Doppia intervista: Minozzi e Giammarioli, «gemelli» azzurri
Paolo Mulazzi
La nazionale di rugby è a Parma da domenica sera per il primo raduno in preparazione ai test match di novembre. Gli azzurri si sono allenati ieri allo stadio Lanfranchi e proseguono oggi il lavoro; domani saranno a Milano per la presentazione ufficiale. Tra i cinque esordienti del gruppo di 34, che scenderà a 31 dopo il raduno di Treviso, figurano due giovani delle Zebre: il 21enne Matteo Minozzi, estremo, e il 22enne Renato Giammarioli, terza linea.
Insieme all’Accademia di Parma, poi al Calvisano, in estate alle Zebre e ora al raduno azzurro. Poi?
Minozzi: «Speriamo di esordire anche insieme, dai. Ci conosciamo da tanto, ho abitato anche con lui. Sono alle Zebre per fare il massimo e divertirmi: se poi arrivano le convocazioni in azzurro, bene».
Giammarioli: «Non lo so. Siamo grandi amici, sia in campo che fuori. Sinceramente non mi aspettavo questa convocazione. Speravo avvenisse, prima o poi, come lo sperano tutti».
Soprannome?
M: «Pity. Me lo ha dato Paz quando ero a Calvisano. E’ una lunga storia».
G: «Semplicemente Giamma».
La prima partita dell’Italia vista allo stadio?
M: «Col Galles al Flaminio e abbiamo vinto».
G: «Non ricordo… Forse con l’Australia, otto o nove anni fa».
Al primo cap, lo auguriamo quanto prima, c’è il rito dello “scalpo”; uno non ha molta voce in capitolo, ma, hai visto mai, che taglio vorresti?
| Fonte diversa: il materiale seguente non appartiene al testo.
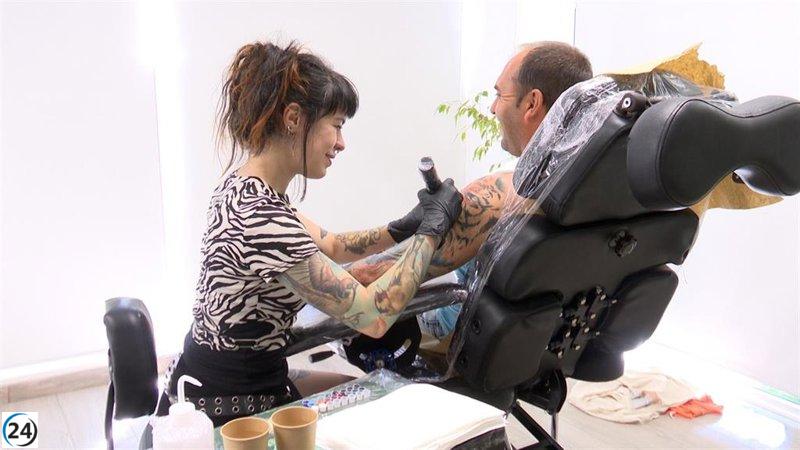 Laura Egea defiende el tatuaje como arte en el Día Mundial de esta tradición.
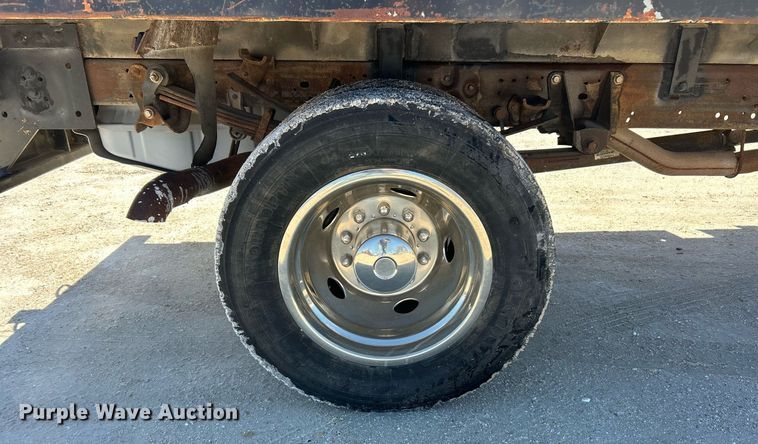 image for item EK2715 2005 Ford F450 Super Duty XL flatbed truck
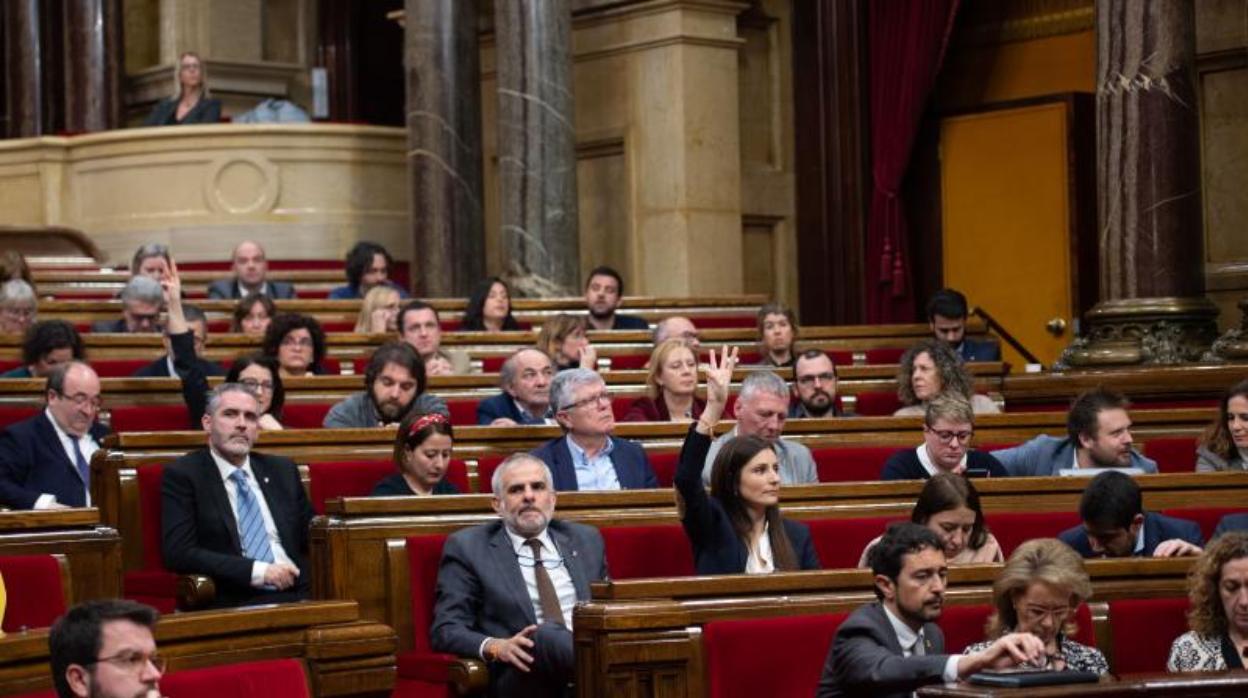 Bancada de Cs en el Parlamento de Cataluña, con Carrizosa y Roldán en primer plano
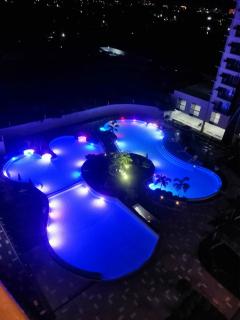 Condo with pool view - 3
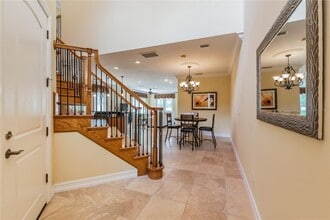 13920 Clubhouse Dr in Tampa, FL - Building Photo - Building Photo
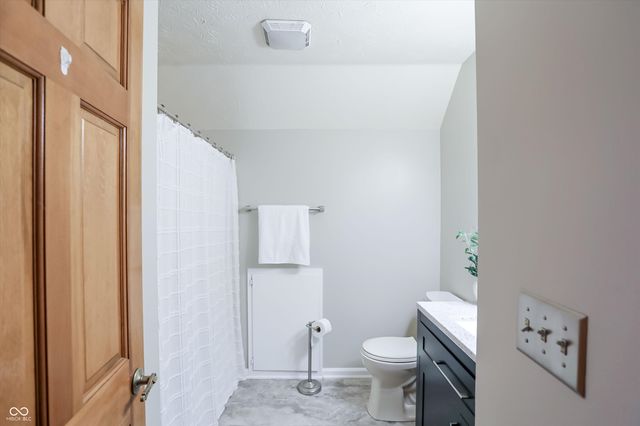 12318 Buckley Boulevard, Cumberland, IN 46229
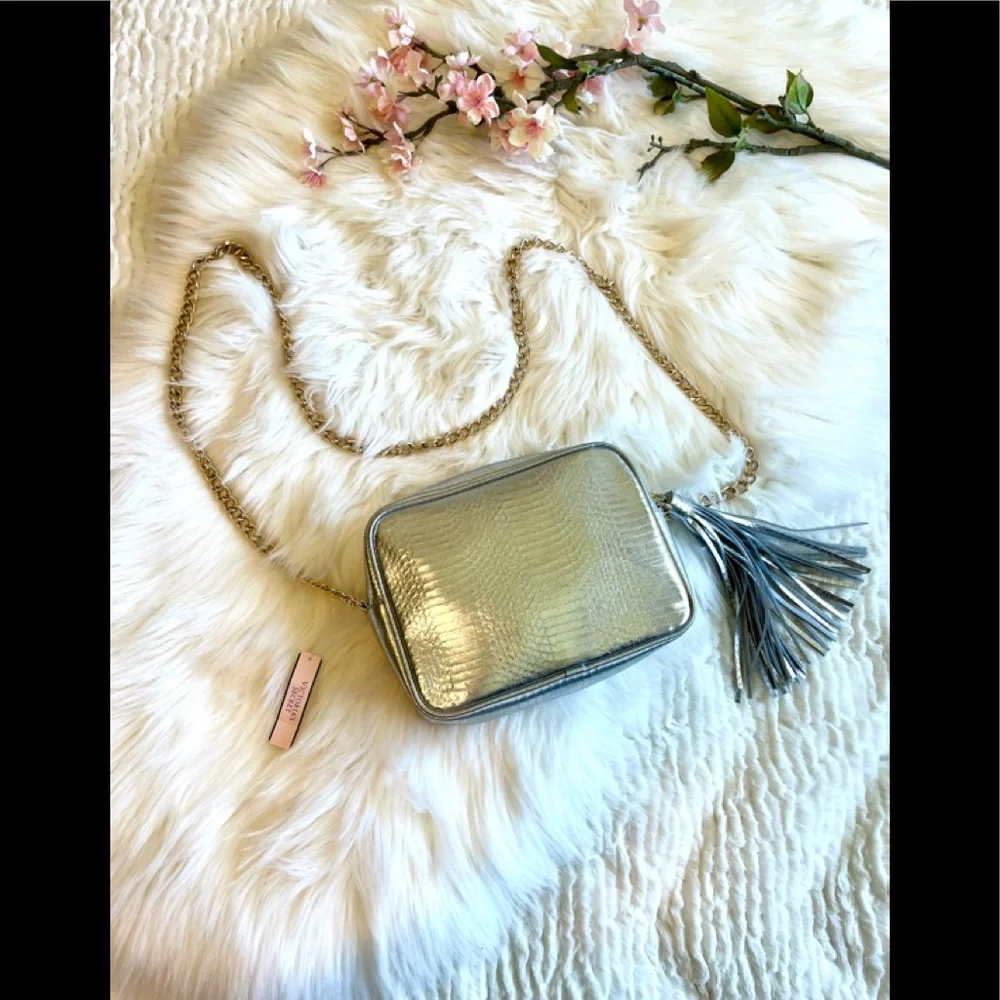 NWT Victoria Secret Silver and Gold Chain Crossbody Purse Bag - Picture 3 of 4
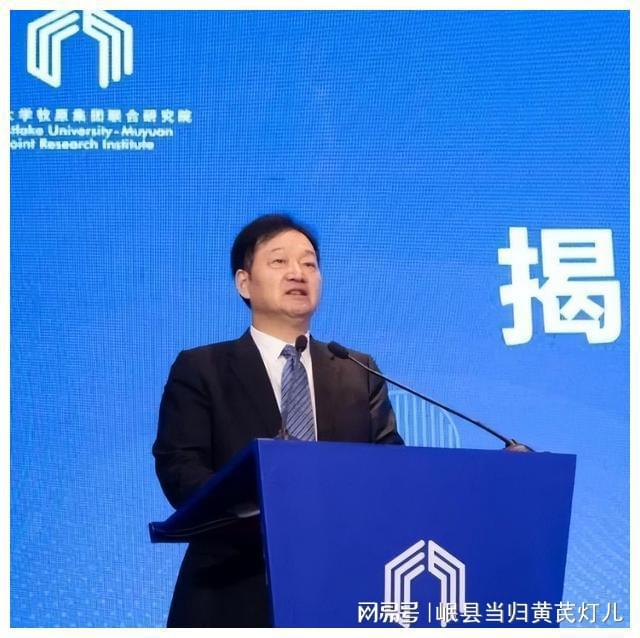 弟弟彩礼借款助兄养猪哥哥致富2000亿弟弟仍甘守平凡(图14)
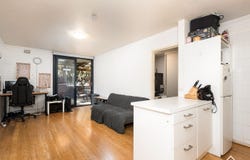 2/4 Dover Court, Mosman Park, WA 6012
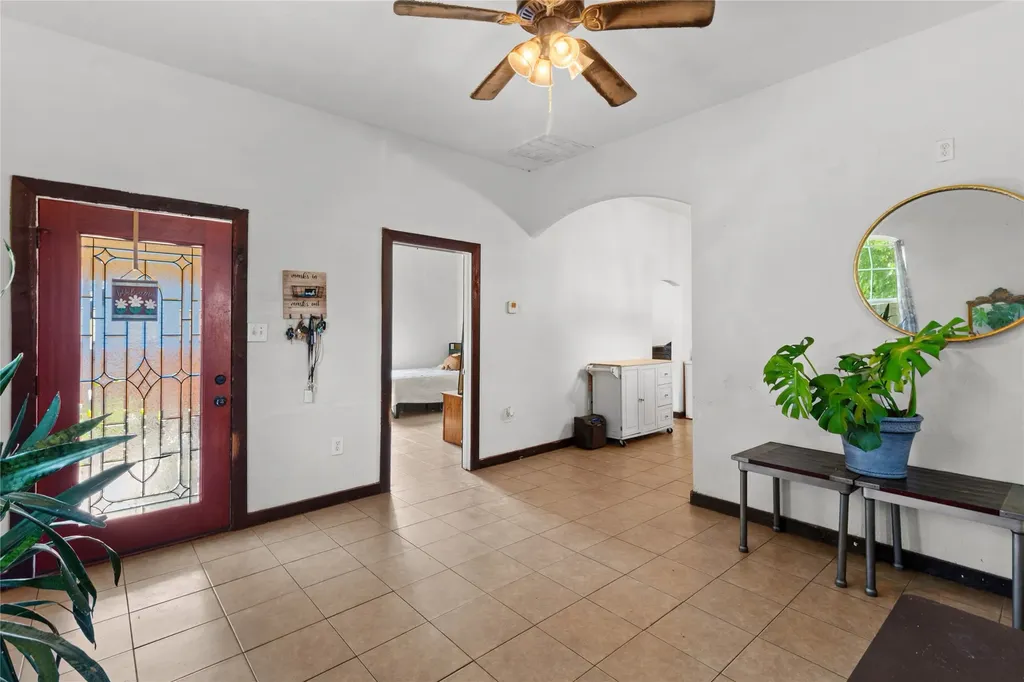 105 E Linden Street Ennis TX 75119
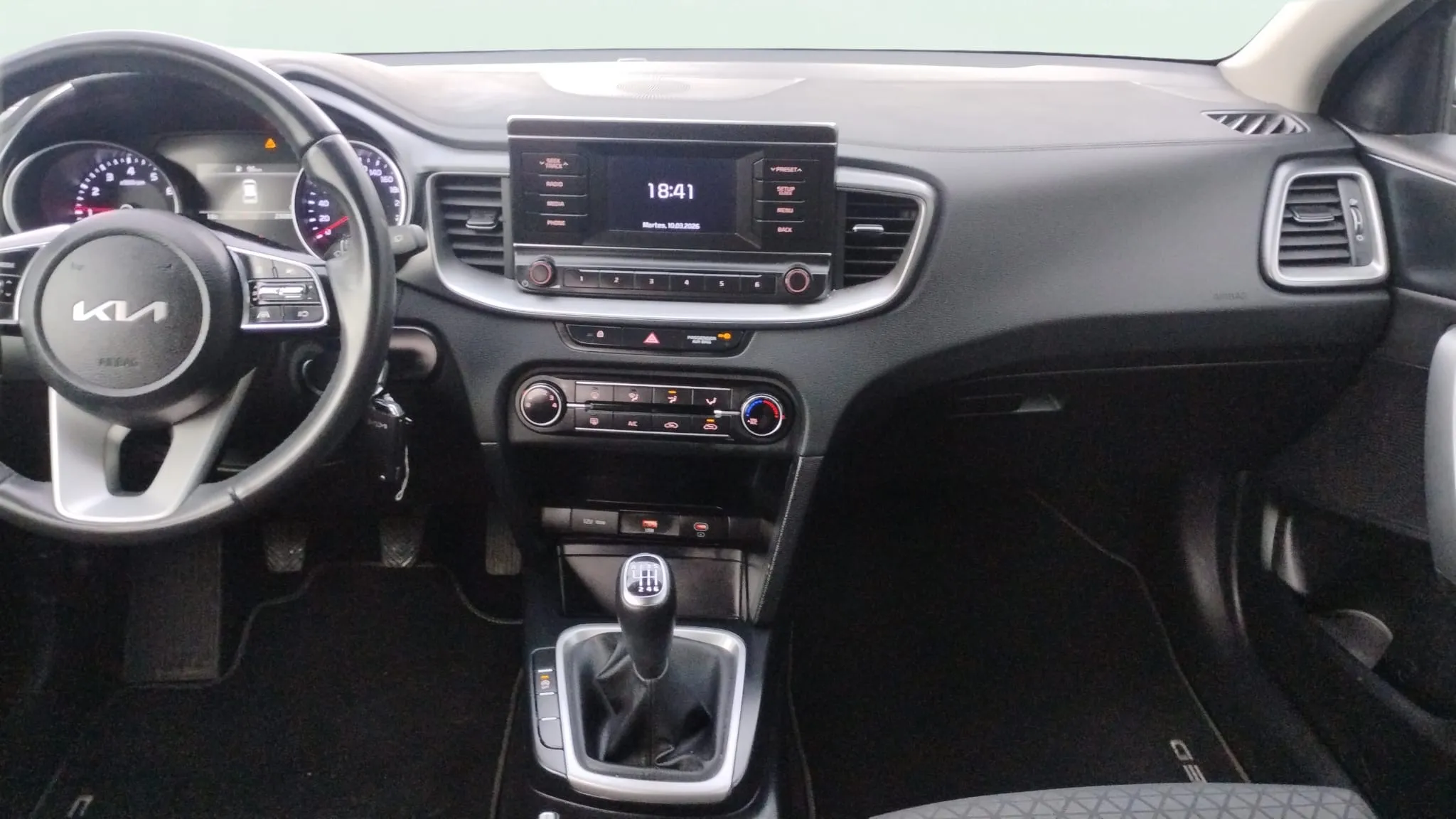 Kia Ceed 1.0 T-GDi Concept - foto 12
M: «Spero non lo facciano, ma … Diciamo un taglio stile mohicani, via».
G: «Spero di no, ma lo standard è la boccia … ».
Nel 2018 toccherebbe di nuovo agli All Blacks…
M: «Ho sempre detto che vedere una haka sul campo significa realizzare il sogno della mia vita».
G: «Passo per passo. Vediamo come va».
Il tuo idolo nel ruolo in cui giochi?
M: «Damian McKenzie».
G: «Sergio Parisse».
Non è matematico seguire le orme del padre nello stesso sport: non c’era alternativa?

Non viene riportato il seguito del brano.